Items listed in a dataset:
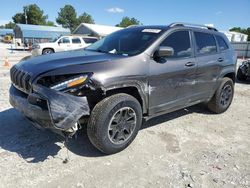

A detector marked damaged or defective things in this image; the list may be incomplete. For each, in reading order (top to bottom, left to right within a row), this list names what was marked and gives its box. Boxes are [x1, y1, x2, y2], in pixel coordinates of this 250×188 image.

crumpled hood [15, 49, 125, 77]
broken headlight [50, 74, 89, 91]
damaged front end [9, 66, 93, 137]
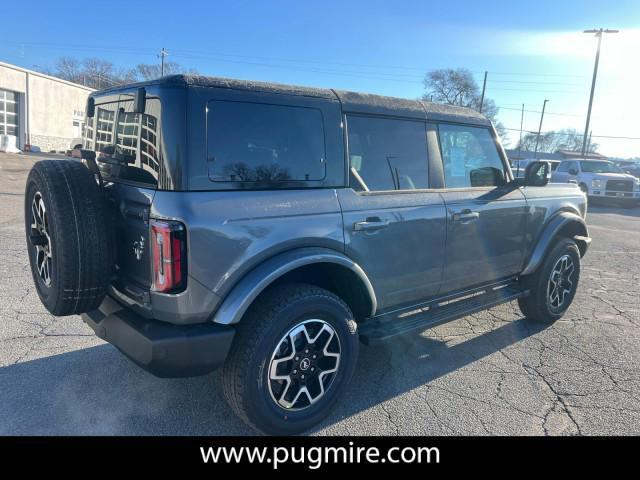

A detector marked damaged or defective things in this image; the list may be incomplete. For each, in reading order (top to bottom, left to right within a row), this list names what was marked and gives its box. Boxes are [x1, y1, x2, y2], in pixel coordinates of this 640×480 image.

cracked asphalt [0, 153, 636, 436]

The task:
Exclude the pictures and transcribe all of the entries exactly.

Task result:
A detector marked damaged or defective things in this image; the list may be incomplete. For each, in reading order (top to bottom, left to right within a row), this list names what was marked and gives its box. Boxes are [x1, y1, x2, y2], in pixel coordinates of this 250×188 image.

crumpled hood [15, 49, 125, 77]
broken headlight [50, 74, 89, 91]
damaged front end [9, 66, 93, 137]

A detector marked damaged or defective things in this image; the list may be incomplete. For each, in reading order (top to bottom, left to right within a row), this list names what was marked and gives its box. Boxes are [x1, y1, x2, y2], in pixel coordinates of this 640×480 image.

cracked asphalt [0, 153, 636, 436]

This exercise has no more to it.